Puntata dopo puntata, stagione dopo stagione, Breaking Bad ha scritto una delle pagine più belle della storia della serialità televisiva, grazie a un mix perfetto di sceneggiature intelligenti, personaggi complessi, interpretazioni magistrali e l'abilità dei suoi autori nel saper riflettere su grandi temi come la vita e la morte, il Bene e il Male, senza rinunciare a un intrattenimento più popolare che ha permesso alla serie di essere amata non solo dagli appassionati ma anche dal pubblico generalista.

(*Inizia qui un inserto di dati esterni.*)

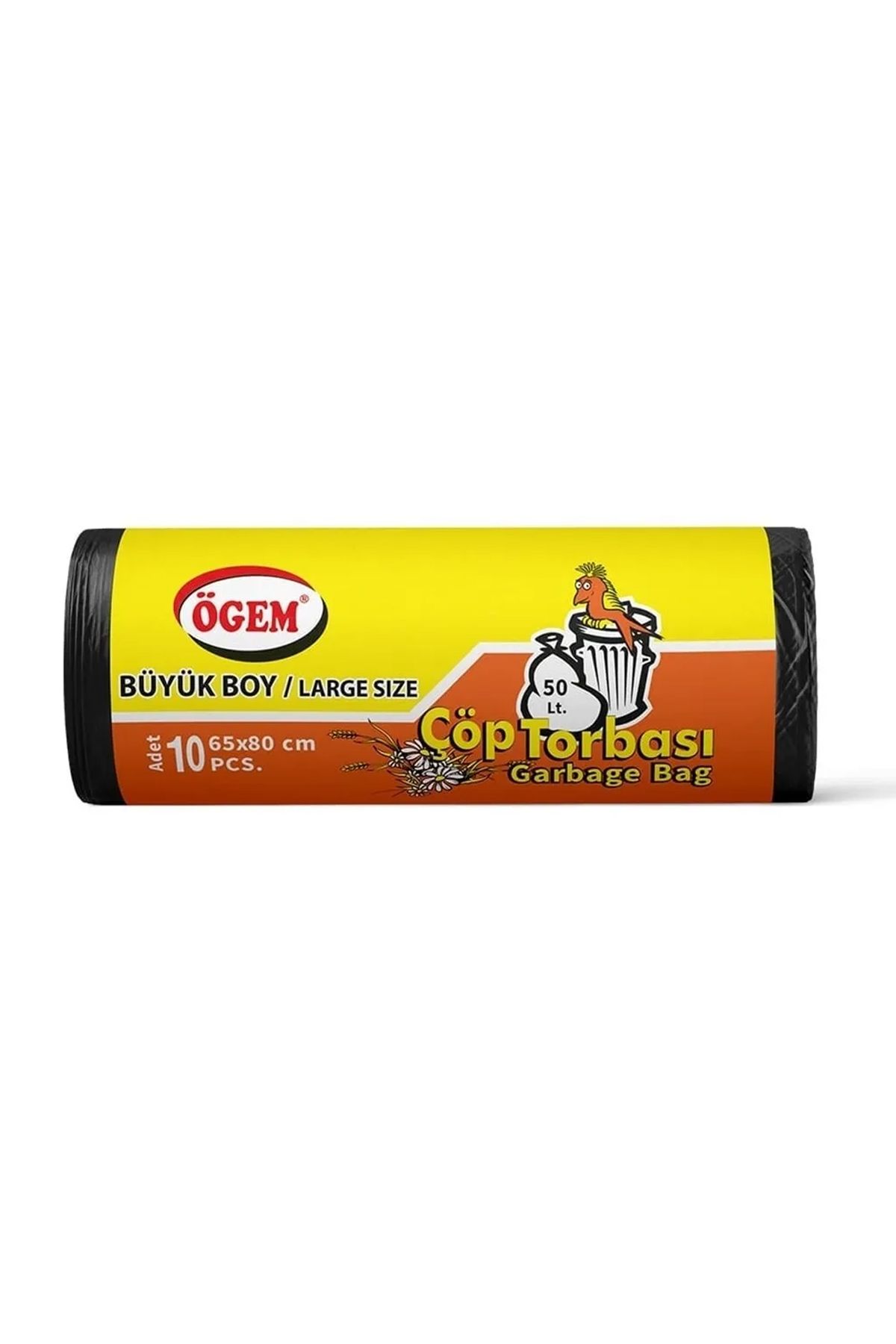 karadağsb Büyük Boy Çöp Torbası 65 X 80 Cm 10 Lu Rulo X 5 Paket = 50 Adet (Siyah)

Prima ancora della fine di Breaking Bad, nell'aprile del 2013, Vince Gilligan e Peter Gould annunciarono di essere al lavoro sullo spin-off dedicato all'avvocato Saul Goodman interpretato da Bob Odenkirk, uno dei personaggi più amati della serie. Nel voler portare avanti le trame del suo "universo narrativo", era palese che Gilligan avesse scelto il soggetto più adatto. Ricordo bene però che l'idea mi sembrò forzata, il progetto più di natura commerciale che artistica.

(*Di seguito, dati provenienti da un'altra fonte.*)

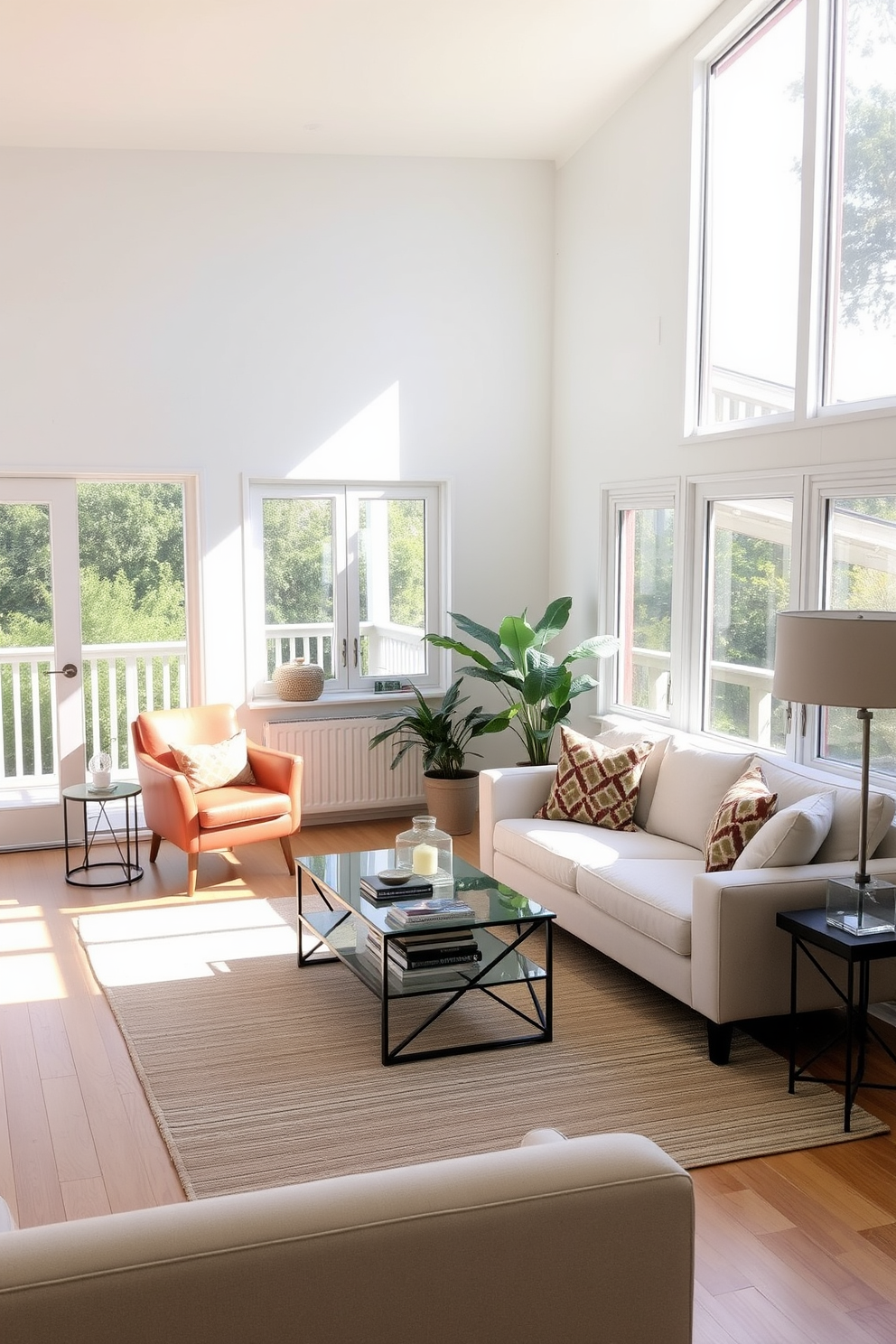 A bright and airy living room featuring lightweight furniture pieces that enhance the sense of space. The room is adorned with a cozy, pastel-colored sofa and a glass coffee table, creating an inviting atmosphere. In one corner, a stylish accent chair complements the sofa, while a small side table holds a vibrant plant. Natural light floods the room through large windows, highlighting the minimalist decor and open layout.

Quando la serie esordì nel 2015, rimasi allo stesso tempo soddisfatto dal suo inizio quanto spiazzato dalle differenze con la serie madre: se da un lato era impossibile non riconoscere il mondo di Breaking Bad in Better Call Saul, dall'altro, col passare delle stagioni, le caratteristiche peculiari del racconto sulla trasformazione di James McGill in Saul Goodman hanno dato vita a una serie fatta di lunghi silenzi, pause narrative e attenzione maniacale ai dettagli e ai piccoli momenti di una quotidianità sempre pronta a trasformarsi in eccesso e follia. Ancora una volta, avevo sottovalutato il genio di Vince Gilligan, un autore sempre pronto a prendersi dei rischi e in grado di vincere ogni sfida.

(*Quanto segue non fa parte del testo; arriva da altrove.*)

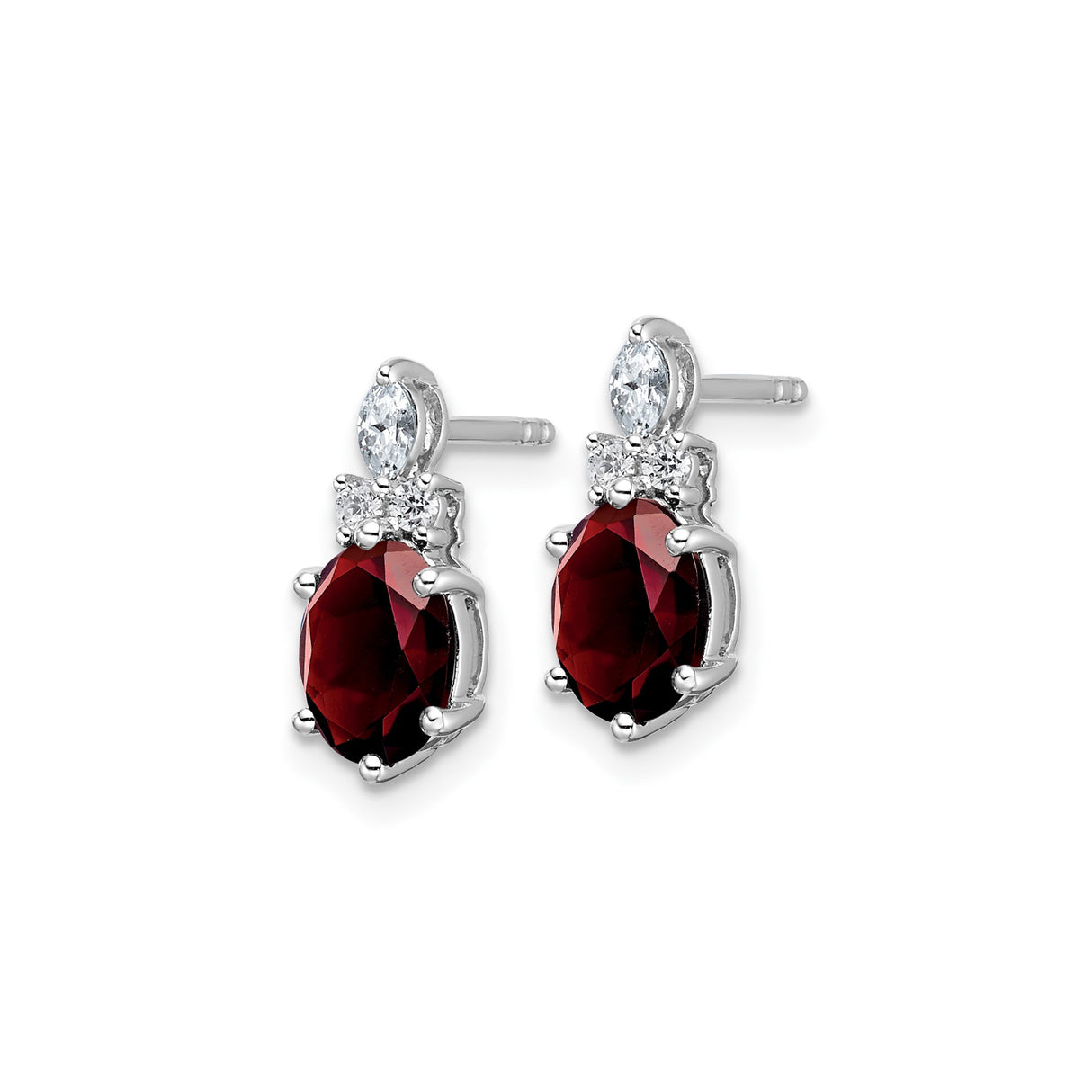 14k White Gold Garnet Stud Earrings with Diamonds, Oval and Marquise Gemstone Design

Nel corso degli anni, sempre più elementi di Breaking Bad sono confluiti in Better Call Saul: personaggi, luoghi, dinamiche di cui conosciamo lo sviluppo futuro. Adesso che, dopo la premiere della scorsa settimana, soltanto undici episodi ci dividono dalla fine (dell'inizio) delle avventure di Saul Goodman, che il punto di contatto tra le due serie è sempre più vicino e che sappiamo essere imminente la partecipazione a queste ultime puntate dei due protagonisti della serie madre, il Walter White di Bryan Cranston e il Jesse Pinkman di Aaron Paul, la speranza è una sola: che questo confluire delle due storie non tolga importanza e rilevanza alla fine di una narrazione ricca e complessa che ci accompagna da sette anni. Che l'attesa di questo grande ritorno (la notizia è rimbalzata sul web per giorni con reazioni entusiastiche da parte dei fan) non sposti l'attenzione del pubblico da ciò che ha resto Better Call Saul una serie, se non migliore, sicuramente all'altezza del capolavoro dal quale deriva, a elementi che potrebbero sembrare mero fan service. Io attendo la fine con la massima fiducia. Ormai, ho imparato a fidarmi di Vince Gilligan.